Quando voltei a ver a luz novamente, eu estava numa varanda, no trigésimo andar de um prédio lindo, na cidade de Goiânia, no Centro-Oeste brasileiro, onde o sol brilhava esplendorosamente.  Eu fui saldada por várias outras plantas que falavam com sotaque brasileiro. Uma espada de São Jorge logo me perguntou: “É verdade que você veio de Portugal? Todas nós aqui somos plantas que o nosso dono catou no lixo! Você também foi catada no lixo? Exausta, mas deslumbrada, eu respondi: “Sim! Eu fui catada no lixo! Ainda bem que fui jogada no lixo! Foi a melhor que já me aconteceu!”

Agora que vocês entenderam o que foi o melhor e o pior da minha vida, volto às minhas reflexões sobre as epifanias que tive a partir da minha experiência de ter sido jogada fora. Por exemplo, foi numa noite estrelada, enquanto jazia ao lado de restos de comida apodrecida, que eu entendi aquilo que Edith Piaf canta na canção Je ne regrette rien.  Quando ela diz que tanto o bem quanto o mal são, para ela, a mesma coisa, eu percebi que talvez ela tenha querido dizer que tanto o bem quanto o mal são essenciais ao nosso crescimento. Talvez o mal seja mais importante ainda. É ele que nos torna fortes. No monte de lixo, eu perdi tudo, mas principalmente todos os medos que tinha, inclusive o de não agradar aos outros depois de me esforçar muito para atender às suas expectativas. As expectativas alheias não são problemas meus. Eu ainda quero agradar aos seres com os quais eu convivo, mas não sofro se não tiver êxito nisso.

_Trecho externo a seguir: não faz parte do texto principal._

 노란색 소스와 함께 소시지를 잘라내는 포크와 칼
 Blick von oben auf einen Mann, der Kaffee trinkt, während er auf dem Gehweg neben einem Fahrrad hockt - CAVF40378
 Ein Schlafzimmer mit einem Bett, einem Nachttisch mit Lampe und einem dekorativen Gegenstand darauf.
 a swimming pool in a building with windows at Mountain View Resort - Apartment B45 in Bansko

Eu deixei no lixo os dois maiores medos que podemos ter: o do futuro e o da morte.  Não tenho mais medo do futuro porque sei que haverá o bem e o mal em cada esquina que cruzar, e ambos serão bem-vindos para o meu crescimento. Não tenho mais medo da morte porque sei que não morrerei.  Nada nem ninguém - nem mesmos os deuses chicoteadores de orquídeas e pessoas incrédulas -, vão conseguir apagar o que foi a minha existência e o orgulho que eu tive dela! Isso está registado em algum lugar do espaço-tempo, e pronto! Isso é mais dos que suficiente para satisfazer o meu desejo de eternidade. Enquanto começava a me decompor naquele monte de lixo, em vez de dor, eu sentia o Universo me abraçando através dos braços da mãe Terra. Foi o abraço mais maravilhoso que já experimentei!

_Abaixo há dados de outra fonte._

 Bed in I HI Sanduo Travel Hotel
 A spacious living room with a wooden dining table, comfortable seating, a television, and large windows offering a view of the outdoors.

Sim, cheguei a lamentar não ter morrido! Mas não lamento ter sobrevivido! Agora vejo tudo com mais clareza e só tenho um único medo: o de ter medo! Acho que o sentido da minha vida é esse: não ter medo! Se não tivesse sobrevivido, eu não poderia contar a minha história! E eu tenho muito orgulho dela! Hoje me sinto conectada a tudo e a todos, tanto no presente quanto no passado e no futuro! Não sou apenas uma orquídea que carrega bilhões de anos de informações em seus genes!  Sou um ser que faz parte de todos os outros seres e de todas as estrelas e corpos celestes do Universo! Como agradecer por tudo isso? Sendo uma flor, sem medo!